Celebrated London productions feature TL’s Musical Theatre Students

During the 2022-2023 season, Trinity Laban’s students have featured in prestigious London productions, acting and dancing alongside the biggest stars of the theatrical stage. Read on to discover what the future stars from our vibrant Musical Theatre Department have been up to!

Based on the classic Victorian novel by Frances Hodgson Burnett, The Secret Garden was adapted for theatres by Pulitzer Prize-winner Marsha Norman with music by Lucy Simon and was staged in The London Palladium to high acclaim.

“Based on the screaming ovation from the audience at The London Palladium, we’ve all been waiting too long for the multi Tony award-winning 1991 musical of The Secret Garden to return to the West End”, read The Prickle’s review of the show.

Former student Aleyna Mohanraj made her professional debut as Ayah in this dazzling production, singing alongside Mark Feehily and a host of talented West End performers. TL alum Lucy Drever – now a workshop leader, presenter, and narrator – narrated the production, performed on 28 August 2022.

Our Musical Theatre students also performed at The London Palladium alongside West End stars and TL alumni in Lerner and Loewe’s majestic Camelot in Concert, back in February 2022. From the writers of My Fair Lady, the Tony-Award-winning musical Camelot tells the story of the legendary love triangle between King Arthur, Guenevere and Sir Lancelot. 35 future stars shared the stage with West End and Broadway legend Ramin Karimloo.
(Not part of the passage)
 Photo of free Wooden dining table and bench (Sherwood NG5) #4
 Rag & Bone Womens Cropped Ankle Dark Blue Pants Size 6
Also featuring in the performance was 2013 Trinity Laban vocal graduate Georgi Mottram, who played Nimue.

Smash-hit musical Annie Get Your Gun was celebrated on 7 April 2023 with a special one-night only concert production at The London Palladium. Led by the celebrated Rachel Tucker, the show featured TL’s BAMT students in featured stage roles and was described as “extremely tight and well-rehearsed” (The Prickle). The hard work of the cast and our TL students helped to produce a truly star-studded production.

The dazzling and devastating life of Princess Diana will be staged in the original show Diana: The Musical at the Eventim Apollo for one night only on 4 December 2023. This marks the UK’s debut of this iconic Broadway musical live on stage, featuring ‘80s-inspired mega-hit show tunes by Bon Jovi’s David Bryan and Tony Award winner Joe DiPietro (What’s New Pussycat?, Memphis). Starring Kerry Ellis as Princess Diana, the ensemble will be played by Trinity Laban Musical Theatre students, making it a definite date for the diary! Get tickets here.

Image Credit: Danny Kaan

Musical Theatre Alumni take centre stage

Our magnificent Musical Theatre Alumni continue to grace the greatest stages after graduating with Musical Theatre degrees from Trinity Laban! From performing in West End theatres to touring the UK and beyond with sell-out shows, find out what some of our alumni are up to after finishing their studies…

The 2023/24 UK tour of smash-hit musical Everybody’s Talking About Jamie is currently in full swing and our Musical Theatre alumni are stealing the spotlight! Finton Flynn is playing Young Loco/Cover Jamie, while David McNair is performing as Tray Sophisticay. Also on tour is Teddy Hinde, holding the golden ticket and performing as Mike Teavee in the first ever UK and Ireland tour of Charlie and the Chocolate Factory. Meanwhile, Jacob Kohli has been cast as Cover Justin and an ensemble member in the original UK tour of Kathy & Stella Solve A Murder of 2023. This is a new and critically acclaimed comedy musical, written by the Olivier Award winners behind Fleabag and A Super Happy Musical (About Feeling Super Sad).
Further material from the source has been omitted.